== Segment start ==

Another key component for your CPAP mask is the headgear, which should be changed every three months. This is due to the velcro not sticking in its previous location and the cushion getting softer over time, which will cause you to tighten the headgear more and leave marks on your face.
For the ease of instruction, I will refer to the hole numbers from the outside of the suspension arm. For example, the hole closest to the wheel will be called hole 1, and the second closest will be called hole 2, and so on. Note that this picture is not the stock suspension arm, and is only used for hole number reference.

== Segment end ==
== Segment start ==

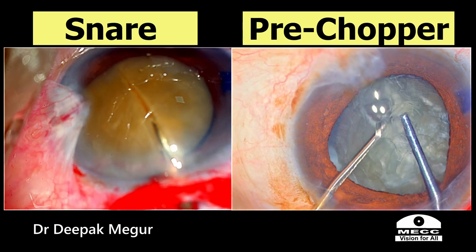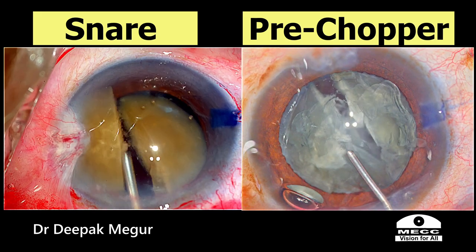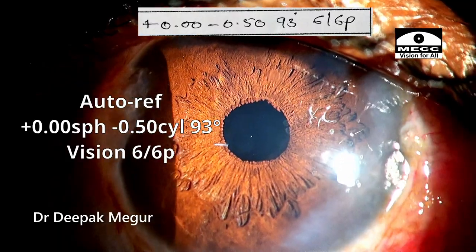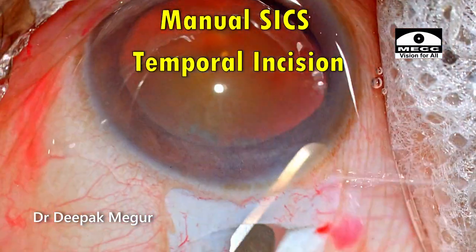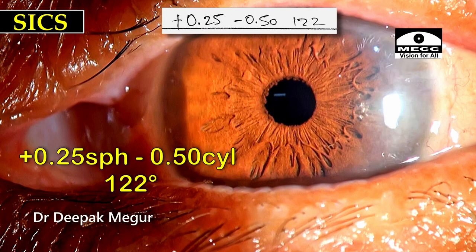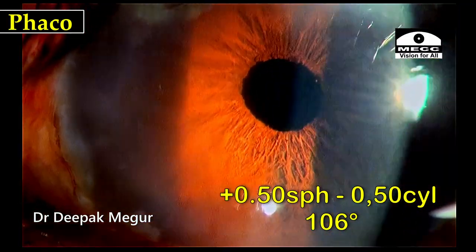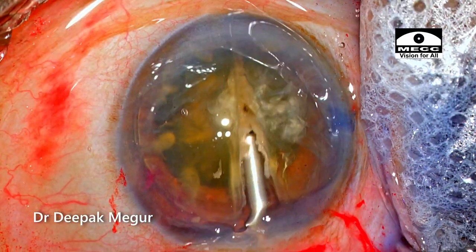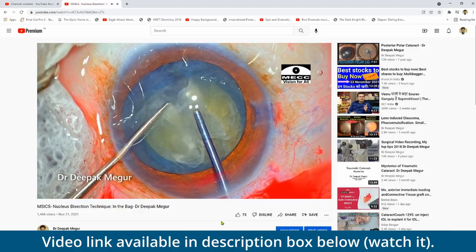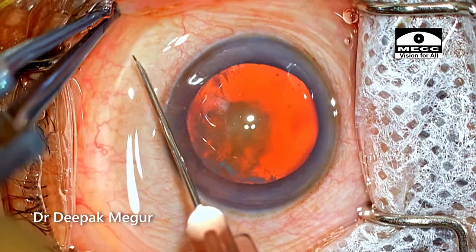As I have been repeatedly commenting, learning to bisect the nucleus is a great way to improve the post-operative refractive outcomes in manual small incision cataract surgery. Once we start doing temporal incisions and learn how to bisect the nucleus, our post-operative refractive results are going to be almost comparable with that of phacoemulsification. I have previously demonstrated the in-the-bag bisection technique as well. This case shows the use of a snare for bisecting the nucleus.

== Segment end ==
== Segment start ==

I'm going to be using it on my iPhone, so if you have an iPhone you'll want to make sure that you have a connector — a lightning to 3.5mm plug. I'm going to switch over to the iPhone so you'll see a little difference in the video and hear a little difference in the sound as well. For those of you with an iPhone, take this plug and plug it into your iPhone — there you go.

== Segment end ==

### What is required
Within the data above, the span starting at the line containing "Another key component" and ending at the line containing "For the ease" is to be retyped exactly, with no other lines.

### Response area
Another key component for your CPAP mask is the headgear, which should be changed every three months. This is due to the velcro not sticking in its previous location and the cushion getting softer over time, which will cause you to tighten the headgear more and leave marks on your face.
For the ease of instruction, I will refer to the hole numbers from the outside of the suspension arm. For example, the hole closest to the wheel will be called hole 1, and the second closest will be called hole 2, and so on. Note that this picture is not the stock suspension arm, and is only used for hole number reference.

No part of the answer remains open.